▸ Instructions to follow
Copy out all lines of the listing below that hold "Picture".

▸ Data for analysis
>>>>>

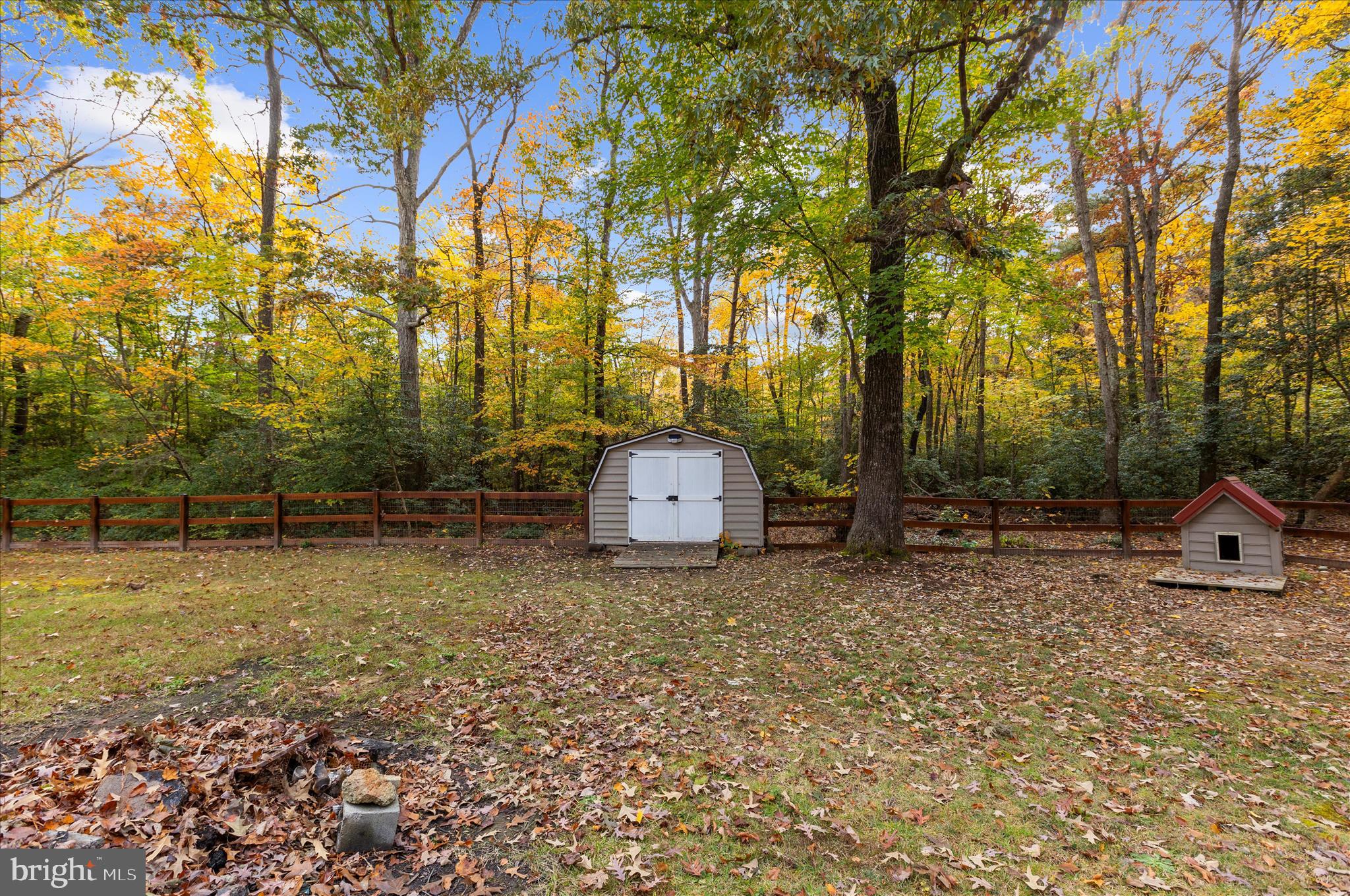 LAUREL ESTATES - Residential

<<<<<
>>>>>

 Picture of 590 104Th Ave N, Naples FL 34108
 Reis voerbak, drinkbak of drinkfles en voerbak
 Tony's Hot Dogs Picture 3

<<<<<
>>>>>

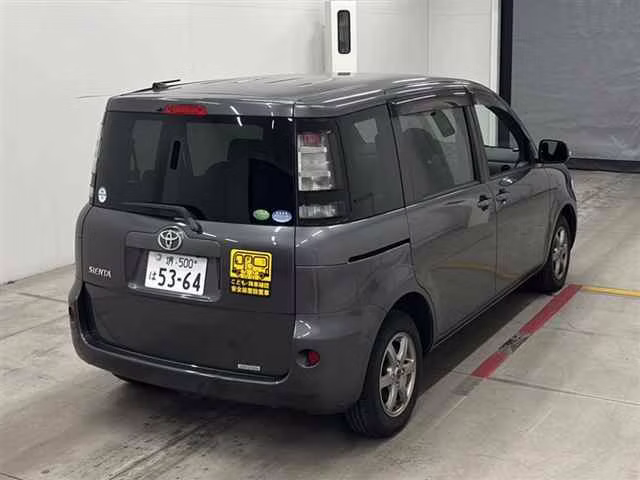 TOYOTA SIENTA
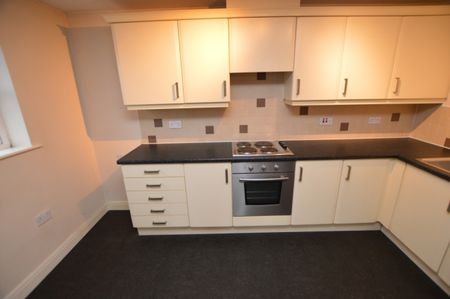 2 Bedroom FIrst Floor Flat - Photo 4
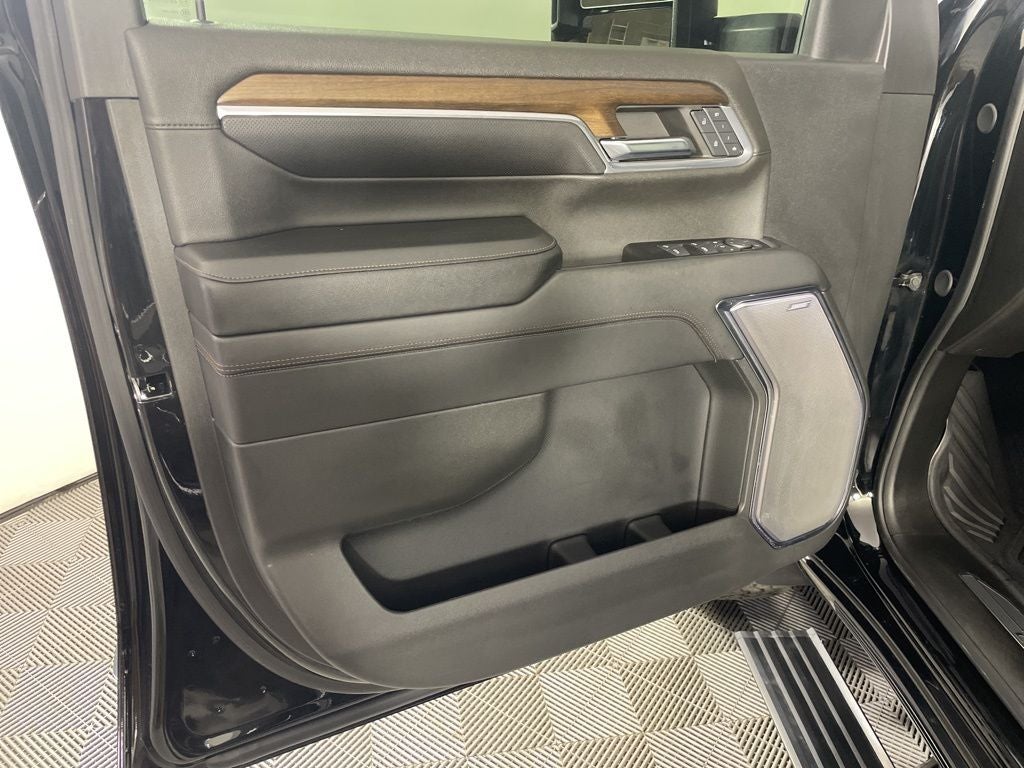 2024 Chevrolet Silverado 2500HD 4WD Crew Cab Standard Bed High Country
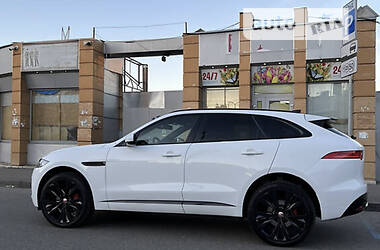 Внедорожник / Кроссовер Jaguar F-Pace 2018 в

<<<<<

▸ Task solution
 Picture of 590 104Th Ave N, Naples FL 34108
 Tony's Hot Dogs Picture 3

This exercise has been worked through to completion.